President Bill Clinton stated in 1995: “I am firm in my belief that the future of our Republic depends on strong families and that committed fathers are essential to those families.” The following year President Clinton reinforced his points: “We must do all we can to encourage fathers as they strive to provide the fundamental emotional and economic support that helps ensure their families’ well-being.”

To assert that the traditional family is “un-American” is pure folly. If it were, it surely would have been brought to the attention of American presidents. Yet no American has ever entertained such a notion. Healy is the one who is both un-American and dangerous because she has little appreciation of the value to society that the traditional family provides and employs rhetoric that is clearly irresponsible.

The fact that Healy and four of her colleagues voted to erase man and woman from the definition of marriage is indeed worrisome. How much further will the true notion of marriage drift? Will it endorse polygamy? The family, as sociologists have stated, is the bedrock, the basic unit, the center of society. We should want to keep that center intact.
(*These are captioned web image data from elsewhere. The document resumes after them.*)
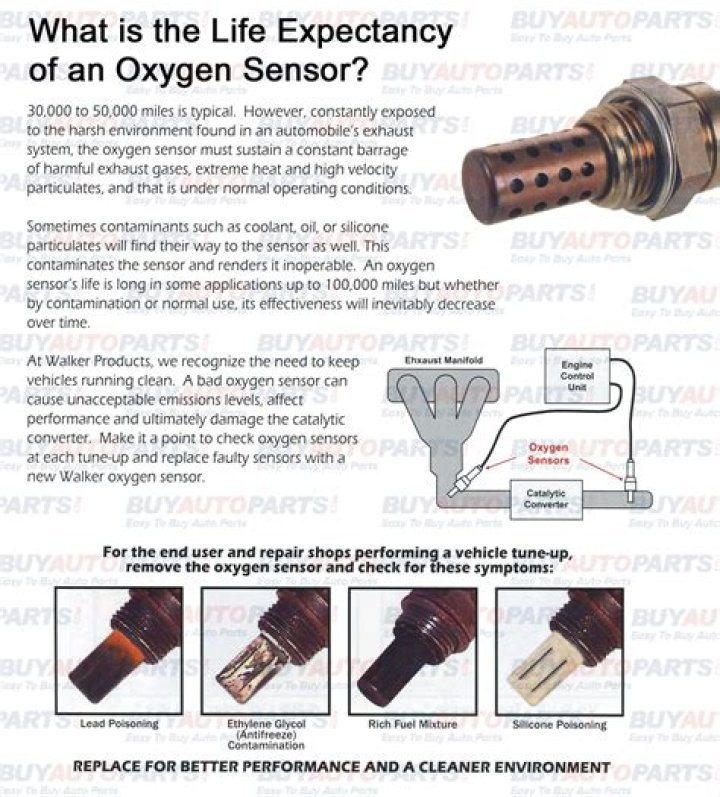 How can you tell if an oxygen sensor is bad?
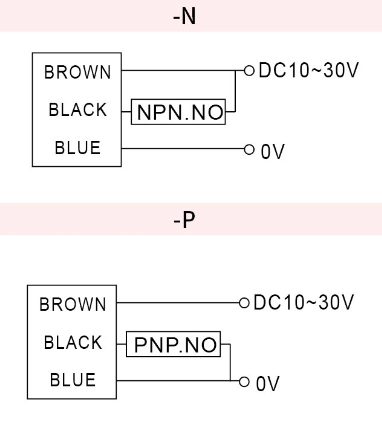 RIKO SC0301-N RIKO SC0301-N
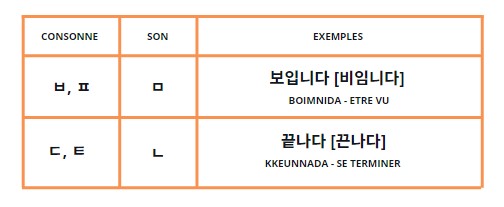 batchim coréen, hangeul, prononciation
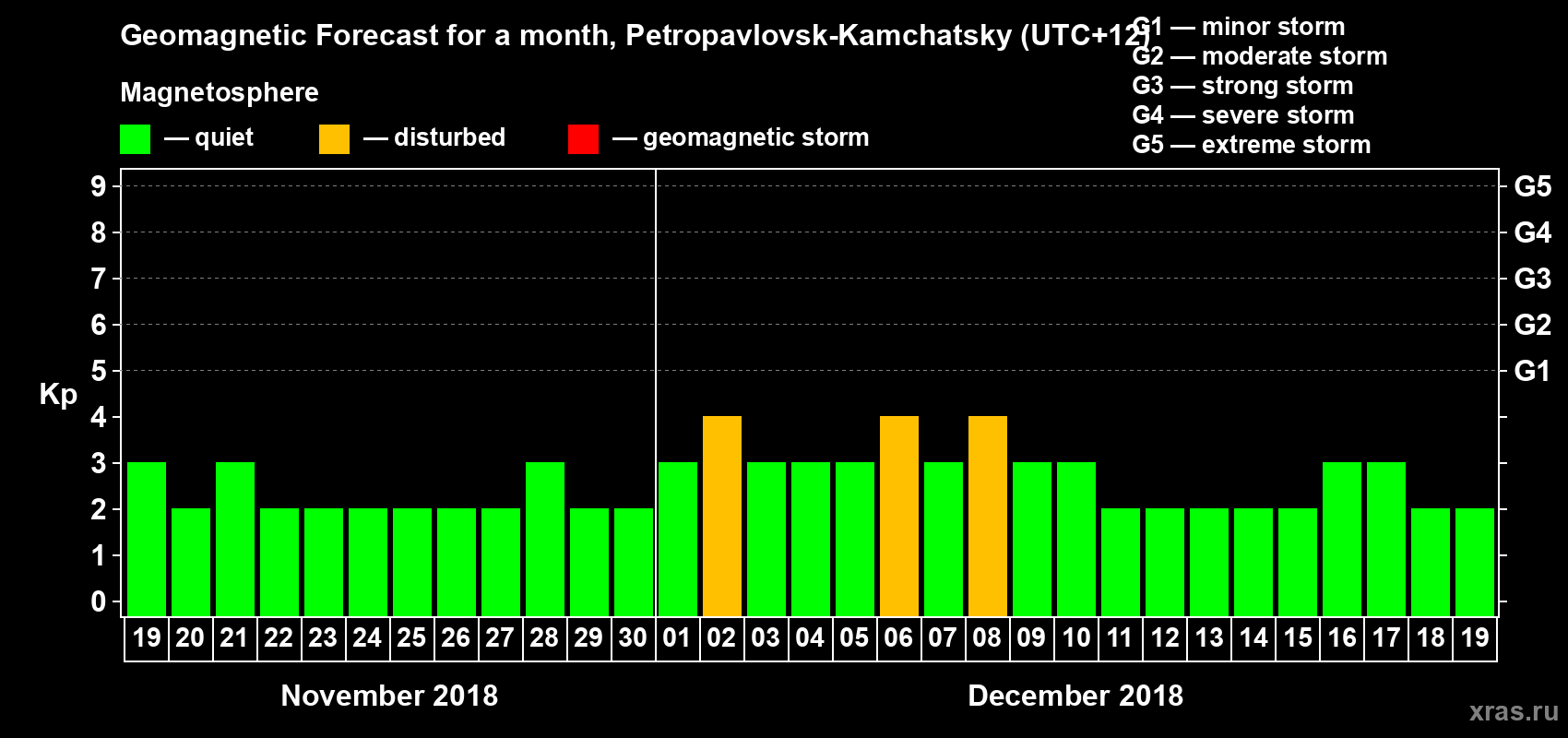 Forecast of the daily maximal value of geomagnetic index Kp for <b>1 month</b> (31 days) <b>from Nov 19, 2018 to Dec 19, 2018</b>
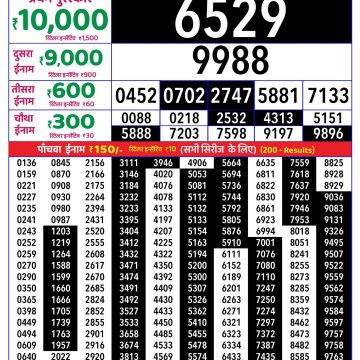 Rajshree Weekly Lottery 8pm Result 24.08.2026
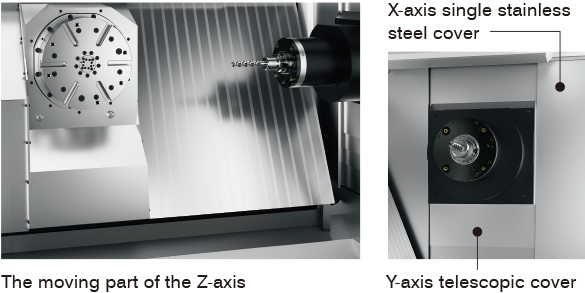 The moving part of the Z-axis X-axis single stainless steel cover Y-axis telescopic cover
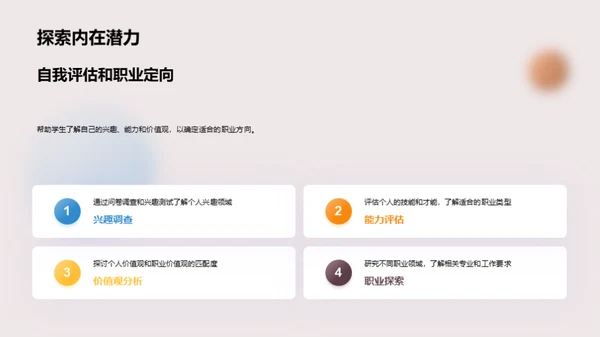 探索专业：定向未来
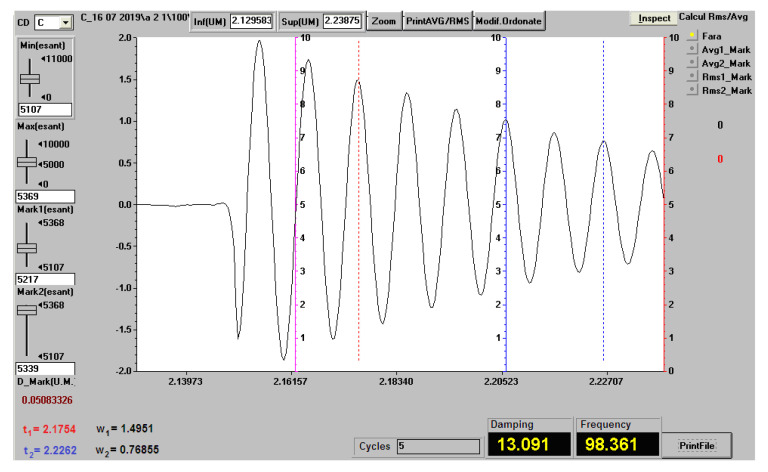 Figure 14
The home is the center of a person’s life. “To be happy at home,” wrote Samuel Johnson, “is the end of all human endeavor.” But marriage is not a boundary. It does not close us off from the world. Marriage provides a school of love for its offspring who bring their learning into the world.

Those who submit to the liberal tendency in America, in trying to accommodate as many people as possible, neglect the importance of the institution they are trying to expand. Adultery harms marriage, but so does adulteration. When marriage is diluted, it compromises both its identity and its strength. As a result, the meaning of marriage becomes less clear, and therefore, less effective. An elastic band can be stretched, but if stretched too far, it snaps. We should be more zealous in safeguarding marriage than in expanding it.

(Donald DeMarco, Ph. D., is a senior fellow of Human Life International and a professor emeritus at St. Jerome’s University in Waterloo, Ontario.)